In line with this, it called for Article 12(4) of the Federal Constitution to be amended to be in line with the court’s 2018 decision in the M Indira Gandhi’s custodial case in that the conversion of a minor must require the consent of both parents.
Alternately, the Commission proposed a new law should be enacted to make clear the matter in safeguarding the religious identity of minors.
“In light of the ongoing discussion surrounding the status of unilateral conversion of minors in Selangor, Suhakam would like to reiterate our position on this issue, which is that the right of the child to preserve his or her identity is guaranteed by Article 8 of the Convention on the Rights of the Child (CRC) and must be respected and taken into consideration in the assessment of the child's best interests.

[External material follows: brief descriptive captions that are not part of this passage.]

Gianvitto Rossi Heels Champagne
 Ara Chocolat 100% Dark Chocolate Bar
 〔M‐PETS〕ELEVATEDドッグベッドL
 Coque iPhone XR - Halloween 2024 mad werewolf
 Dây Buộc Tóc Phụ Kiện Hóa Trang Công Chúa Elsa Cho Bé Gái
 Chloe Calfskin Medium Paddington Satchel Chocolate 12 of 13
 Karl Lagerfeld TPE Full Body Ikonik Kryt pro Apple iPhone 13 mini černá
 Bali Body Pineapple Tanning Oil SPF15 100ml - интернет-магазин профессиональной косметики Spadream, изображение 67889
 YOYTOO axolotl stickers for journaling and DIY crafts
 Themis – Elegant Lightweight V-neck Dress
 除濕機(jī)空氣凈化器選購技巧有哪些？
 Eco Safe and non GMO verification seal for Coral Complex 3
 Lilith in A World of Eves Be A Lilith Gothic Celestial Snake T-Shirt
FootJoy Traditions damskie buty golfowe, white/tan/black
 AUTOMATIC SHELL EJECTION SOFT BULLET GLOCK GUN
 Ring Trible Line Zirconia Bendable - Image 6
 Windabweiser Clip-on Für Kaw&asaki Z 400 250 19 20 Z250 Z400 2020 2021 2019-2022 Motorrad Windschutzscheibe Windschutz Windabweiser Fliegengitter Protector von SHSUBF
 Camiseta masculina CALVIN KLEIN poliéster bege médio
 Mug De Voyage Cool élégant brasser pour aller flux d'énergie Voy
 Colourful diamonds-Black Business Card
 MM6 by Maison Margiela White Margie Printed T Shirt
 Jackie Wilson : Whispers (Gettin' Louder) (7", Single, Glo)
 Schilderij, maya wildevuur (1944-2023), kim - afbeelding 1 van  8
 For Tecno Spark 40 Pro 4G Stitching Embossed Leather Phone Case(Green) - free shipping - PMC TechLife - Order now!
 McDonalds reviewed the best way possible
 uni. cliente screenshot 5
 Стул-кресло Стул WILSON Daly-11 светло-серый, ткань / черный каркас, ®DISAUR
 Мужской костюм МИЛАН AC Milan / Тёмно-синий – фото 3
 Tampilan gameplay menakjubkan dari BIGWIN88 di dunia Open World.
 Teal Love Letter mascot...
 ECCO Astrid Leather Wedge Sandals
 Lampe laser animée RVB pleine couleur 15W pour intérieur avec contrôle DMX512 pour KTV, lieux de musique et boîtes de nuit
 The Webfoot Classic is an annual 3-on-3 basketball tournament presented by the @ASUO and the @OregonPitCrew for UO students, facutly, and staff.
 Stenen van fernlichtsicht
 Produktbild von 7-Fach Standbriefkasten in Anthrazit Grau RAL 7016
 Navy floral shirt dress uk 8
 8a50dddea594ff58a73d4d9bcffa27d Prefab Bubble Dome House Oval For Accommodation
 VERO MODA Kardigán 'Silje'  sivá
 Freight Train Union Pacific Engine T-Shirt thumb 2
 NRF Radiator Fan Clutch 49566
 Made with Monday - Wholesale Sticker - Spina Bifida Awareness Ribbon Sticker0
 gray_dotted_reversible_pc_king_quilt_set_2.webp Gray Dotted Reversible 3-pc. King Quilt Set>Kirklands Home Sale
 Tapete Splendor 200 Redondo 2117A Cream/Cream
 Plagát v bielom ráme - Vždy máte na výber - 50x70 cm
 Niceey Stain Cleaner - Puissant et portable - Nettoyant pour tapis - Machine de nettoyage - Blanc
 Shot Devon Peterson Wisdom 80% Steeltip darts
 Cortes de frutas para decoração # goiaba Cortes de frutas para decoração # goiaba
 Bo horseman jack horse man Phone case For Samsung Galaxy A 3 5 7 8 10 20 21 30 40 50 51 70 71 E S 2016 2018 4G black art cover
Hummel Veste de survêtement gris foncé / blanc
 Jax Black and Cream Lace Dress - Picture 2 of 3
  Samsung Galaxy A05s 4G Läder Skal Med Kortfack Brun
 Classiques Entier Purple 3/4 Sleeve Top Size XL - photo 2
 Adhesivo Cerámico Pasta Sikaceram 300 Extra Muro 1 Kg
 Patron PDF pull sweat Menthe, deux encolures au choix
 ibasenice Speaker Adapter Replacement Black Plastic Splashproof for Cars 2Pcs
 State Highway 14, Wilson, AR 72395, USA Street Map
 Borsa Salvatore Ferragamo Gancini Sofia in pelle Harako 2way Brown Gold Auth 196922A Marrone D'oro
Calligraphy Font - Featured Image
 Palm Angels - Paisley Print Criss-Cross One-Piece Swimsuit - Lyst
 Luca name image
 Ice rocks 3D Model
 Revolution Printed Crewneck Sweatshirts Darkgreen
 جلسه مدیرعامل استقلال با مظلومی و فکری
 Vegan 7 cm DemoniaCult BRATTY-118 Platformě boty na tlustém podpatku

“Suhakam supports the unanimous decision of the Federal Court in the case of Indira Gandhi (below)... giving due recognition to the importance of both parents, which is a common-sense interpretation of the law.
“Suhakam believes that amending Article 12(4) to clarify the original intent of the Constitution, or by enacting law that will comprehensively articulate the responsibilities, rights and privileges related to the identity, including religion, of minors will safeguard the core values of tolerance, understanding and mutual respect in matters relating to freedom of religion and belief in our society,” it said in a statement.
Article 12(4) states: "For the purposes of Clause (3) the religion of a person under the age of eighteen years shall be decided by his parent or guardian".
However, the landmark apex court ruling had ruled that the definition of "parent" should be plural.
Suhakam’s statement came amidst reports that the Selangor government had intended to table an amendment to the Islamic Religious Administration Enactment (State of Selangor) to allow unilateral child conversion last month.
This was alleged to have been foiled, however, after speaker Ng Suee Lim cut short the state assembly sitting.
The latter had denied that his cutting short the session was to scuttle the bill.
Selangor Umno recently called for the amendment bill to be tabled in the coming November sitting instead.
This despite Menteri Besar Amirudin Shari saying the Selangor ruler was reviewing the bill.